Soni|Netflix|Review

festival circuit January 4, 2020

Soni

By Ivan Ayr with 7.8

drama · films · hindi

The film begins with a black screen and the sound of a bicycle bell and a man catcalling are heard in the background. It is the sound of every terrified memory of making one’s way through the dark of the night for most girls in India. Even before the visual of the man stalking the woman on his bicycle is shown, the viewers are immersed in the tension of the moment.

The film refuses to force its messages down its audiences’ throat, relying instead on the truth of the reality it depicts to resonate and shine through despite, or perhaps because, of the subtle manner in which it is depicted.

Soni follows the lives of two police officers – the titular Soni (Geetika Vidya Ohlyan), and senior superintendent Kalpana (Saloni Batra), as they struggle with hardships, dirty politics, sexism and blatant discrimination in their personal and professional lives. They work tirelessly to make the streets safer for women, but emerging victorious in the battles of their own lives seems impossible.

It doesn’t matter that Kalpana is a smart, successful superintendent – at home she is still constantly reprimanded by her mother-in-law for not having a child, accused by her husband of being too “weak” to be a good police officer, and her strong-willed, independent nature blamed by family members on her being “a Capricorn”. It doesn’t matter that Soni is a moralistic vigilante who is good at her job – her aggression and violent tendencies don’t fit the image of a policewoman, and her strong morals don’t fit in a field simmering in corruption. She is eventually confined by her male superiors to the control room.

It’s interesting to watch Kalpana’s juniors address her as “Sir ji” – a term commonly used to address male superiors. The term being gender-neutral is a positive concept, but one cannot still overlook the inherent sexism in a woman’s superiority being acknowledged through male terminology.

However, there is no attempt in Soni to grab its audience’s attention through a crime or mystery to be solved as the central thread running through the film, with the women’s lives playing out merely in the background. This is precisely why it does not fit neatly into the genre of a “crime drama”. The operations their force is working on and the crimes they deal with are never explored in great detail. Instead, the narrative, through its unhurried pace, long single-take scenes, and empathetic lens, closely follows the two women – their daily routines, every angered expression, every defeated sigh, every defiant turn of the head - both in and out of their uniforms.

The film refuses to indulge in a flashy story to convey its intent, reasserting that its messages are honest and important enough for the film to lean solely on them.
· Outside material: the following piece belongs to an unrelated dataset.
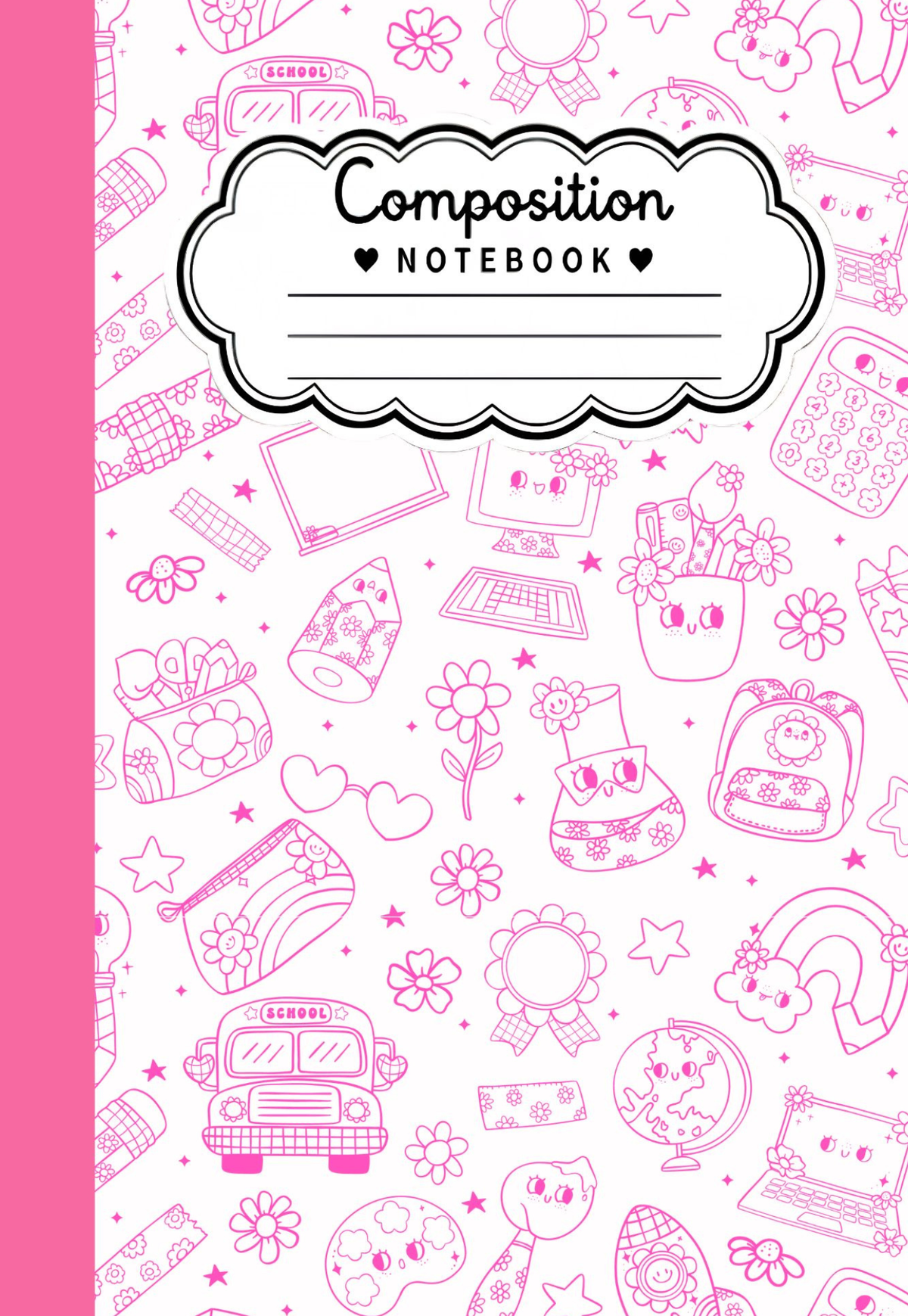 Pink Buses and Flowers Composition Notebook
The film then, is not one for a society trained to crave instant gratification, quantity over quality, and mindless entertainment. It does not entertain the “art of tension” as Hannah Gadsby calls the process of building tension and providing the audience with a release. It constantly builds tension, with every violent outburst Soni has or every tense conversation between Kalpana and her husband, but provides no release. There is no moment of catharsis for the audience, because there is no such moment for either the two women on screen, or the ones that they come to represent in the narrative.